Bricknell Properties (plaintiff) entered into a lease agreement with Vali's Auto Electrical Services (Pvt) Ltd for Factory no 3, 72 Craster Road, Southerton, Harare, for one year from 1 February 2013. The first defendant represented the company in negotiating and signing the lease agreement. The company was obliged to pay monthly rentals of $1,795 plus rates, water and electricity charges. The company breached the lease agreement by failing to pay rentals and ancillary charges totaling $38,495.41. The company was subsequently placed under liquidation and the debt remained outstanding. Clause 18 of the lease agreement provided that all present and future directors and shareholders of the lessee should bind themselves as sureties in solidium and co-principal debtors for the performance of the lease terms. The first defendant signed the lease agreement on behalf of the company. Plaintiff initially sued all three defendants on grounds of fraud, reckless and negligent conduct and suretyship, but later abandoned claims against the second and third defendants and claims based on fraud, recklessness and negligence, proceeding only against the first defendant on the basis of suretyship.
The plaintiff's claim was dismissed in its entirety.
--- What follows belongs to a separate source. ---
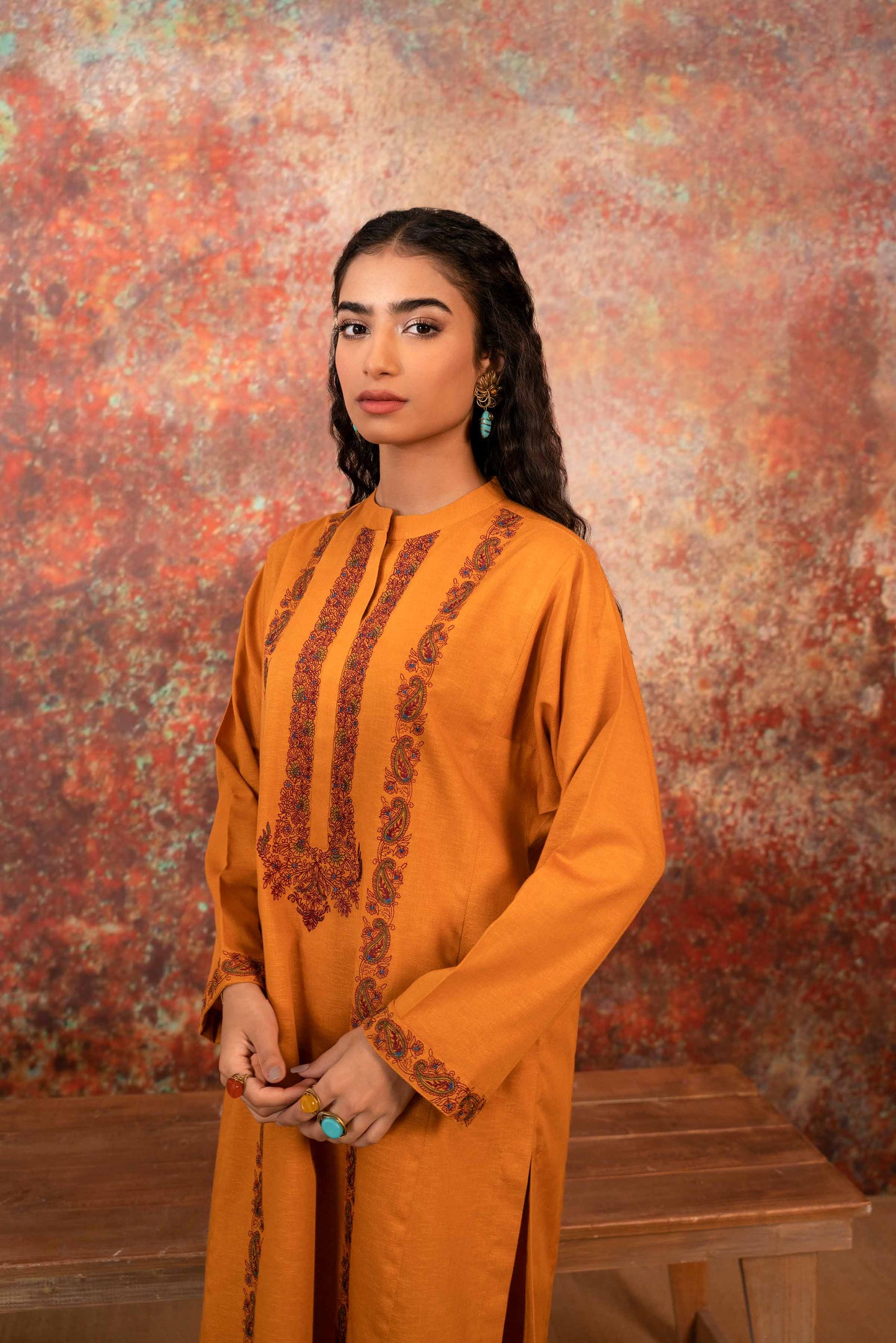 Nishat Linen - 2 Piece - Embroidered Suit - PW23-16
Plaintiff was ordered to pay the first defendant's costs of suit in their entirety, and second and third defendants' costs of suit up to 27 October 2016.
A contract of suretyship arises from agreement between the creditor and surety, requiring offer and acceptance between them. A clause in a principal contract (lease agreement) stating that directors and shareholders 'shall bind themselves' as sureties constitutes a decision by the principal debtor requiring future action, not an automatic suretyship agreement. The surety's obligations arise from an undertaking made by the surety himself/herself, not from undertakings made by a third party (such as the principal debtor). Where a person signs a contract in a representative capacity on behalf of a company, the caveat subscriptor principle does not apply to bind that person personally to obligations contemplated in the contract unless there is a separate juristic act evidencing personal acceptance of such obligations. It is the creditor's responsibility to ensure that surety documents are actually signed by intended sureties; a clause expressing intention to obtain suretyship is insufficient.
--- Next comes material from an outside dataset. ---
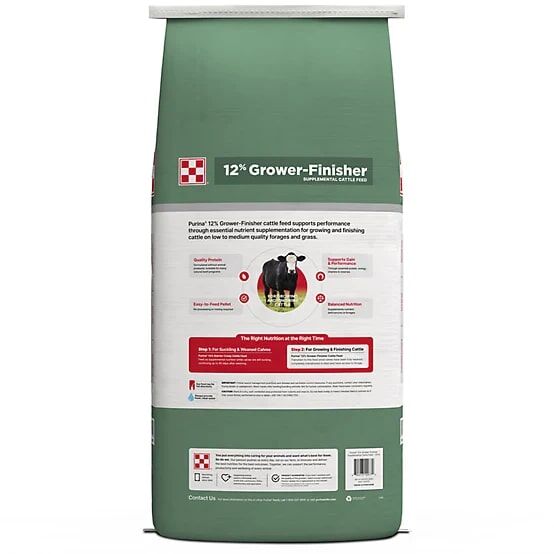 Purina 12% Cattle Grower-Finisher, 50-Lb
The court observed that while the plaintiff's claim was patently untenable, it appeared to suffer from genuine error in interpretation of what amounts to an oral suretyship agreement and the import of the caveat subscriptor rule, leading to bona fide misjudgment of legal authorities. The court noted that whether a suretyship contract is in writing (as required under South African law) or oral (as is possible in Zimbabwean jurisdiction) is immaterial to the requirement that there must be agreement between creditor and surety. The court commented that there rarely is a tripartite contract between creditor, principal debtor and surety; rather there are two separate transactions - the first being the transaction by which the principal debtor is bound to the creditor, and the second being the contract between the creditor and surety. The court also noted that the caveat subscriptor rule is not absolute, with exceptions permitting one to avoid liability arising from one's signature.
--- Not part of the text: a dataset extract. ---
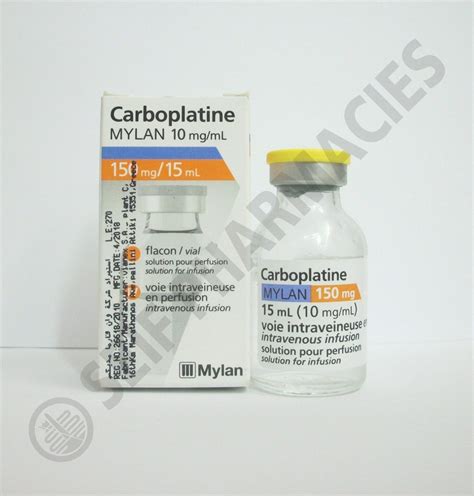 سعر دواء carboplatine mylan 150mg/15ml vial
This case clarifies the requirements for establishing a valid contract of suretyship in Zimbabwean law. It establishes that a clause in a principal contract stating that directors/shareholders 'shall bind themselves' as sureties does not automatically create a suretyship agreement. The case demonstrates the importance of ensuring that separate suretyship agreements are properly executed, and that the mere intention to have surety provided does not constitute an actual suretyship contract. The judgment also reinforces the principle that signatures in a representative capacity do not automatically bind individuals personally, even when the underlying document contains provisions contemplating personal liability. The case is significant for commercial practice, particularly in lease agreements, in distinguishing between statements of intention to obtain security and actual security agreements.